▸ Task instructions
Would you please copy all of the data exactly, skipping the images?

▸ Recorded data
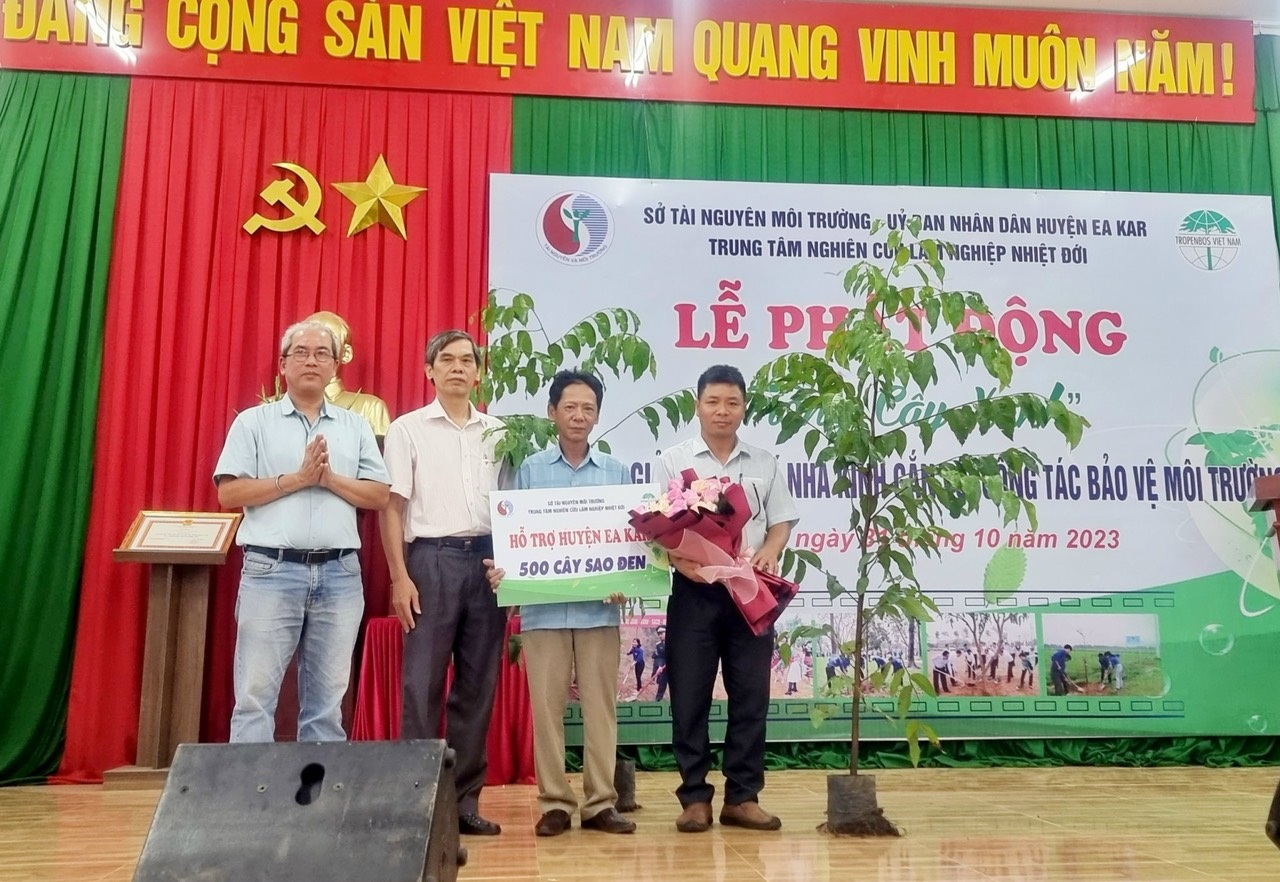 UBND huyện Ea Kar tổ chức Lễ phát động “trồng cây xanh” tại xã Xuân Phú.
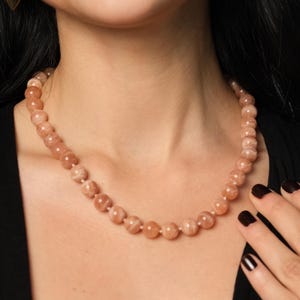 Natürliche Sonnenstein Perlen Halskette, 10 mm rund Edelstein Choker, echte Pfirsich Sonnenstein Choker, handgemachter Statement Schmuck, einzigartiges Geschenk für Frauen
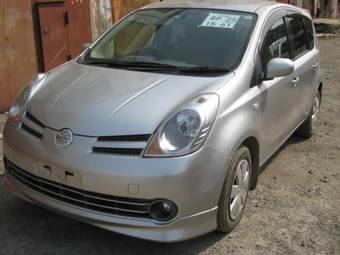 2005 Nissan Note Pictures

▸ Result of this exercise
 UBND huyện Ea Kar tổ chức Lễ phát động “trồng cây xanh” tại xã Xuân Phú.
 Natürliche Sonnenstein Perlen Halskette, 10 mm rund Edelstein Choker, echte Pfirsich Sonnenstein Choker, handgemachter Statement Schmuck, einzigartiges Geschenk für Frauen
 2005 Nissan Note Pictures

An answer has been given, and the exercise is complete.